South Korea’s cryptocurrency market saw a wave of new token listings in the first half of 2025, widening investor choice — but also exposing the market’s persistent volatility and regulatory fragility.
According to new data from the Financial Intelligence Unit (FIU) and the Financial Supervisory Service (FSS), the number of cryptocurrencies available for trading on Korean exchanges rose to 1,538 as of June, up 13% from 1,357 at the end of last year. That expansion came even as delistings, risk warnings, and project failures accelerated.
More Coins, But Investors Stick to Majors
The increase in listed tokens was driven largely by Korea’s won-denominated exchanges, which added an average of 36 new assets per platform, bringing their average coverage to 260. Coin-to-coin markets remained flat, offering about 20 assets on average.
Excluding duplicate listings across multiple exchanges, there were 653 unique assets traded domestically — a 9% rise from six months earlier. Yet, despite the proliferation of tokens, investor attention remained heavily concentrated in global blue chips.
Of the top 10 cryptocurrencies by domestic market capitalization, six — Bitcoin, Ethereum, XRP, Solana, Dogecoin, and Cardano — overlapped with the global top 10. Together, these major assets accounted for 78% of Korea’s total crypto market capitalization, underscoring how both institutional and retail investors continue to cluster around large-cap tokens.
Homegrown Coins Shrink as Single Listings Decline
The number of tokens listed exclusively on a single domestic exchange fell slightly to 279, down from 287 at the end of 2024. Among these, 86 were locally issued Korean projects — an 11% decline.
The market capitalization of single-listed tokens dropped 33% to ₩1.3 trillion ($940 million), just 1% of the total domestic crypto market.
Within that, homegrown single-listing projects made up ₩780 billion — up 9% from the previous half, but still a negligible fraction of total market value.
In coin-to-coin markets, single-listed tokens continued to dominate, representing 96% of total capitalization at ₩470 billion — a 14% rise. Eight of the top 10 assets traded in those non-fiat markets were single listings.
Yet almost half of all single-listed tokens — 43% or 121 projects — had market caps under ₩100 million ($70,000), reflecting extremely low liquidity and high volatility.
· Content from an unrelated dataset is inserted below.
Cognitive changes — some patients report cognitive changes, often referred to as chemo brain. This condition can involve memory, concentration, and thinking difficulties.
Regulators warned that such small-cap projects pose elevated risks to market stability and investor protection.
Listings Surge 83%, Delistings Nearly Double
The report showed an 83% jump in new listings, reaching 232 during the first half of 2025. Won-based markets accounted for most of the activity with 207 new listings (+80%), while coin-to-coin markets saw 25 (+108%).
However, delistings also surged. A total of 58 tokens were removed from trading — an 87% increase from the previous half.
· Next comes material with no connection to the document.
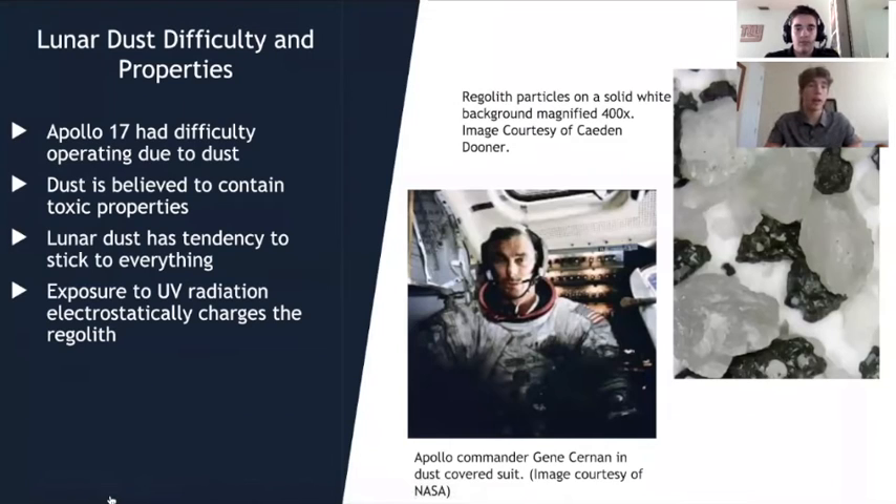Through research, my partner and I have found the immense difficulties that lunar dust presents on the lunar surface. The main example is during the Apollo 17 mission, which had difficulty operating due to the dust. You can see a picture of commander Gene Cernan covered in lunar fine particulate. This dust is believed to contain toxic properties due to its high levels of crystalline silica, a known carcinogen. Due to constant bombardment by micrometeorites, the dust has become very fine, small, and sharp — and analysis of suits returning from missions found the dust cut through three layers of Kevlar on the knees and legs.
Most were attributed to project-level failures (80%), including unsustainable business models, poor token management, or foundation-related risks. Other causes included investor protection concerns (2%) and technical issues (2%).
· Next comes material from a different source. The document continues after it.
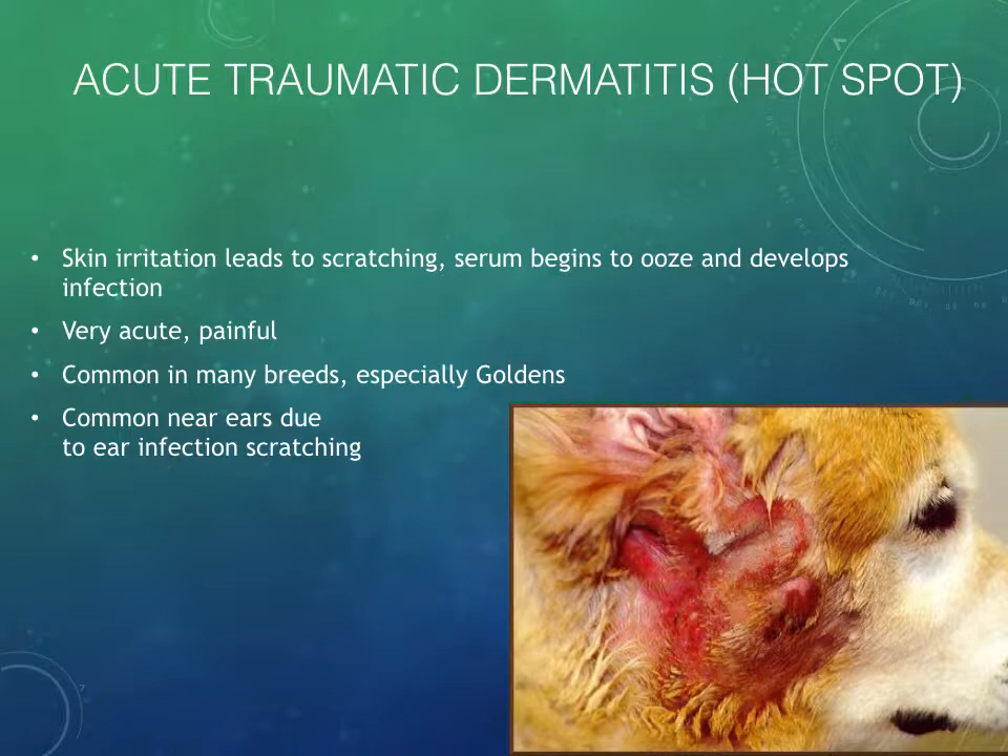If you see golden retrievers in your practice, you're going to see hot spots. We'll see them in other breeds as well, but golden retrievers are sort of the poster children for atopy in general, and especially for hot spots. The medical term is acute traumatic dermatitis, acute moist dermatitis, or pyotraumatic dermatitis — but what you'll tell owners is 'hot spot,' because that's way easier. Basically, some kind of skin irritation leads to scratching; when the surface of the skin is disrupted, serum and sebum start to ooze, creating a cycle of itching, scratching, trauma, bacteria, infection — and literally in a matter of days, you go from a dog that's just itchy to a dog that has a massive sore somewhere.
Of the 47 unique assets delisted during the period, two-thirds (31 tokens) were single-listed projects — underscoring the vulnerability of tokens that lack global exposure or multi-exchange support.
The number of “watchlist” tokens flagged for potential problems also climbed to 72, up 11% from late 2024, suggesting persistent structural risks in Korea’s altcoin ecosystem.
A Maturing But Risk-Prone Market
The findings come from the FIU and FSS’s semiannual survey of 25 domestic virtual asset businesses, including 17 exchanges and 8 custodians, covering the period from January to June 2025.
While the data point to a broadening of crypto assets available to Korean investors, they also highlight the market’s bifurcation — between a few global blue chips commanding the bulk of capital and a long tail of speculative, thinly traded coins.
That contrast underscores a paradox of Korea’s crypto industry: one of the most active retail markets in the world, yet still dominated by speculative microcaps and regulatory uncertainty.